To normalize the internal standard for MS quantification, we detected the change ratio of β-actin based on the isotope labeling Leu-containing peptide (EITALAPSTMK) between RCTs and PKTs (Table 1 & Fig 2). In the first time of MS/MS identification (Table 1, Exp1), the SILAC ratio 1 was 1.07 (137 counts/128 counts, Fig 2A). And the SILAC ratio 2 was 1.13 (306 counts/271 counts, Fig 2B). So the change fold of β-actin, calculated from SILAC ratio 2 versus SILAC ratio 1, was 1.06, indicating a nearly equal concentration of β-actin between RCTs and PKTs. And the change fold 1.01 of β-actin in the second MS/MS quantification (Table 1, Exp2) was well consistent with the above data. So an equal abundance of β-actin between RCTs and PKTs suggest that the same loading sample amount was ensured to be a comparison base for other proteins in MS analysis.

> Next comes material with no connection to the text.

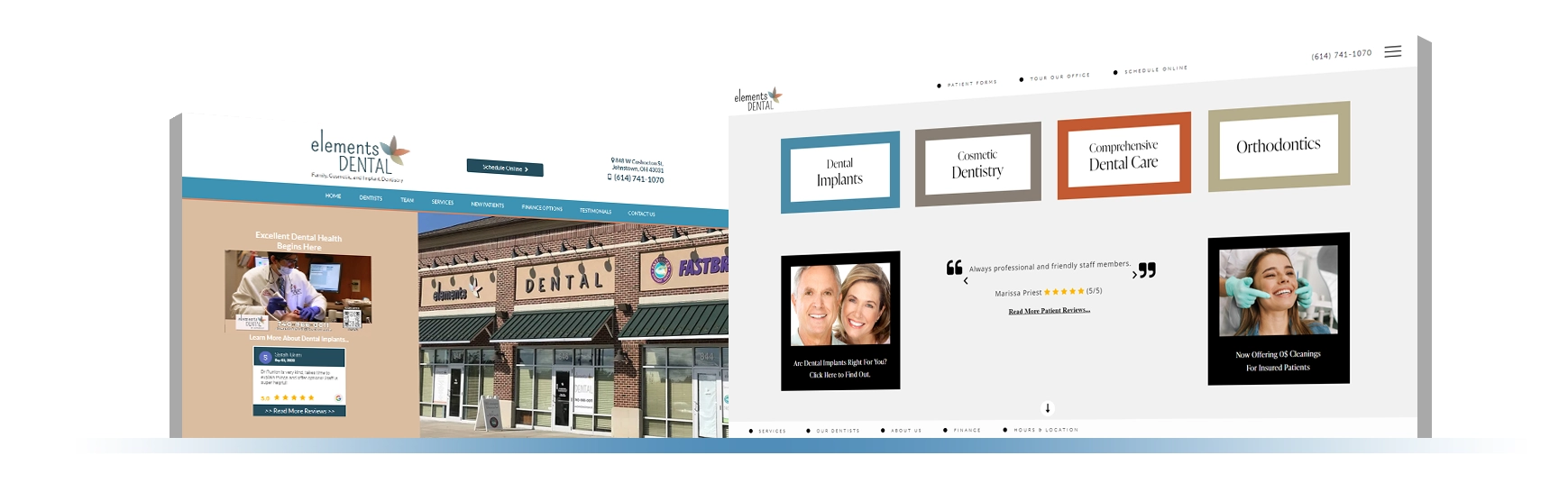 elmentsdental Dental websites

The SILAC ratios of β-actin with isotope labeling peptides “EITALAPSTMK” (m/z 582.86/581.33, 2+) respectively from the group of protein mixture composed of PKTs and HEK293 cells (A), another group of protein sample containing RCTs and HEK293 cells (B). The isotope labeling peptides ‘GDQPAASGDSDDDEPPPLPR’ (m/z 1019.99/1018.49, 2+) from protein mixture containing PKTs and HEK293 cells (C), RCTs and HEK293 cells (D) were used to quantify PGRMC1 abundance. PGRMC1 concentration was validated between 3 RCTs and corresponding PKTs by western blotting (E). RCTs: renal cell carcinoma tissues; PKTs: para-cancerous kidney tissues.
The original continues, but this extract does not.